Your task is to copy each line in the listing that includes the word "Black".

Top of Data

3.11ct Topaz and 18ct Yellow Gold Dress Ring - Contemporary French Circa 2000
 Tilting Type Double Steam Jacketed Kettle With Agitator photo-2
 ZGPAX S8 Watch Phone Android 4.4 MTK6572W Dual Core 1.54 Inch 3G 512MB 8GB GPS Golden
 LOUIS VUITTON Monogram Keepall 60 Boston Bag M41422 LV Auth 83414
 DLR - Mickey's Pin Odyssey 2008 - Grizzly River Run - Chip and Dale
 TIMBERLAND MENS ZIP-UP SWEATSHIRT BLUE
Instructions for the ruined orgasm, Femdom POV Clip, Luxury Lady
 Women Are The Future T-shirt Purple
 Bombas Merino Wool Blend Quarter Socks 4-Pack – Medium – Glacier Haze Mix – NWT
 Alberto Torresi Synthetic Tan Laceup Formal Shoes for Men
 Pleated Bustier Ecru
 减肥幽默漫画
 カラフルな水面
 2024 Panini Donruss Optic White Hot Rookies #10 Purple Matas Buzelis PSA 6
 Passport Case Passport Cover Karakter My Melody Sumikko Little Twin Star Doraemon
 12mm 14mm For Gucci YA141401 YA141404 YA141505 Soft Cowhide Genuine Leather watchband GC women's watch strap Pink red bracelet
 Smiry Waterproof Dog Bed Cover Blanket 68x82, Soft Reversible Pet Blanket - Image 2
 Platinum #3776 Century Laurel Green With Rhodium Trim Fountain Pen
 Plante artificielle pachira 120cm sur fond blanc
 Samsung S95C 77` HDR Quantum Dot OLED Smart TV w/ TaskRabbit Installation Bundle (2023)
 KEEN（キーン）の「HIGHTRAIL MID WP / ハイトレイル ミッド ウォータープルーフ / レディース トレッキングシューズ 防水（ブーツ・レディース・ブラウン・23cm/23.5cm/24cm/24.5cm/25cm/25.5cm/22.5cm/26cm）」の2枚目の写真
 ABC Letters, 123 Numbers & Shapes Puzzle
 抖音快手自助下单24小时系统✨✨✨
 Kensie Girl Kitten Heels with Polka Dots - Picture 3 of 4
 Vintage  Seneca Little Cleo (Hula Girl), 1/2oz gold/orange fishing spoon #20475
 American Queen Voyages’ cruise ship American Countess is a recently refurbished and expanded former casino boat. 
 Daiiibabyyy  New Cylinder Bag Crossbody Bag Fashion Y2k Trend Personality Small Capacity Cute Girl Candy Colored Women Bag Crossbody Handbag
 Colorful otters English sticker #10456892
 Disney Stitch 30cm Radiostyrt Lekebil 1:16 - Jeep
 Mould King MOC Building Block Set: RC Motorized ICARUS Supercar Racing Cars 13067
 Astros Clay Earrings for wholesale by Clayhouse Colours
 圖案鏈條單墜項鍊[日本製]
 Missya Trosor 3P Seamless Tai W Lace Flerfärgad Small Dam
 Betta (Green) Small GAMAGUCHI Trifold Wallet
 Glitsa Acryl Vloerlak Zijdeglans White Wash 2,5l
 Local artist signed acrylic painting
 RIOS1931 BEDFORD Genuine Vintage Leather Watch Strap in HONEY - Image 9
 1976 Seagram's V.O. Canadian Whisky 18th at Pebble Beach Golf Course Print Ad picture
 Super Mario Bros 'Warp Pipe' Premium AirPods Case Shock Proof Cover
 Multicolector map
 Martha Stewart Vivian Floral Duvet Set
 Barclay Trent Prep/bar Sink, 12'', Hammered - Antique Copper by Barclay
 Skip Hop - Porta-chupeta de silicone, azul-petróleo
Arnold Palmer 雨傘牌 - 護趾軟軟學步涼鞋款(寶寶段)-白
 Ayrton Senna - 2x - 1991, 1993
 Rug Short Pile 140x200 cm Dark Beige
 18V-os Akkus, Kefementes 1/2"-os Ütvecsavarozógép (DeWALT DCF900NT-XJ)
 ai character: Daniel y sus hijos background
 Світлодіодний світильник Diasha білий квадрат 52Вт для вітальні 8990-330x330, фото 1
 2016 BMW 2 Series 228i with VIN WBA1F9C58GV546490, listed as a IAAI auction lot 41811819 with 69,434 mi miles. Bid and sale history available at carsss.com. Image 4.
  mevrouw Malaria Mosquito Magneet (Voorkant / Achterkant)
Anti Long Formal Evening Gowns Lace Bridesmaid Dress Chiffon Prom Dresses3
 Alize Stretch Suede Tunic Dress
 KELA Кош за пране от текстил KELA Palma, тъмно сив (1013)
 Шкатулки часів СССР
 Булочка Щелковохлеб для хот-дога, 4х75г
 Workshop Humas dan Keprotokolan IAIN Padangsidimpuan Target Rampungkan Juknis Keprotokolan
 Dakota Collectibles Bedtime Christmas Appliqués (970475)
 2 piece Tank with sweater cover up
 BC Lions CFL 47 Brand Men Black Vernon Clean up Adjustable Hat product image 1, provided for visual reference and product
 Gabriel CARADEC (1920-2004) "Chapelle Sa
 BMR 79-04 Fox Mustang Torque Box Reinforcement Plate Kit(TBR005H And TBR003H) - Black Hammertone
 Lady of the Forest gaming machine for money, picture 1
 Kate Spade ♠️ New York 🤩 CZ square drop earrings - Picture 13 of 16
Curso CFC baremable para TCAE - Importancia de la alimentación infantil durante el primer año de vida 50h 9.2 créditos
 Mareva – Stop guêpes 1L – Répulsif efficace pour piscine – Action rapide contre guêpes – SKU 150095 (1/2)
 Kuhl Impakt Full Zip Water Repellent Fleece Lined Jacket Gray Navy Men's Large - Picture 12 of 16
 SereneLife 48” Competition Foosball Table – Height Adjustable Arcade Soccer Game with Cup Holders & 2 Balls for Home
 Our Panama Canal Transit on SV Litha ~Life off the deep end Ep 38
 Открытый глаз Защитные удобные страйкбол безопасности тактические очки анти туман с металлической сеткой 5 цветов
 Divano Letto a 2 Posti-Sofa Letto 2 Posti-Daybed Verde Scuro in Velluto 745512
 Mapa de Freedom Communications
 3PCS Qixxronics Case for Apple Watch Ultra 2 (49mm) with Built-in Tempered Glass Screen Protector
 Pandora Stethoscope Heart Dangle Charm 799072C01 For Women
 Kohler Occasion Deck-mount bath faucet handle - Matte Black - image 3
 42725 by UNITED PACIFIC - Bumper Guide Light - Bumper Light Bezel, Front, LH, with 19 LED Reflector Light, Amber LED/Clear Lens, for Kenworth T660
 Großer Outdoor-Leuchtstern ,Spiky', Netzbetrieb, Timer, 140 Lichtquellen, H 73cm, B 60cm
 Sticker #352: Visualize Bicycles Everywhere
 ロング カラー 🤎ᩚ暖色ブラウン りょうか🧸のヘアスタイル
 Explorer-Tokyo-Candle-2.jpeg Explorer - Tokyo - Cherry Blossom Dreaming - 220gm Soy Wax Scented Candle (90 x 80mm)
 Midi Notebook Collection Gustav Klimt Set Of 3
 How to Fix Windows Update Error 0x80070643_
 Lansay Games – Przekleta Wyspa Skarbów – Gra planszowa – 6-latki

Bottom of Data

- **Written response**:
 BC Lions CFL 47 Brand Men Black Vernon Clean up Adjustable Hat product image 1, provided for visual reference and product
 BMR 79-04 Fox Mustang Torque Box Reinforcement Plate Kit(TBR005H And TBR003H) - Black Hammertone
 Kohler Occasion Deck-mount bath faucet handle - Matte Black - image 3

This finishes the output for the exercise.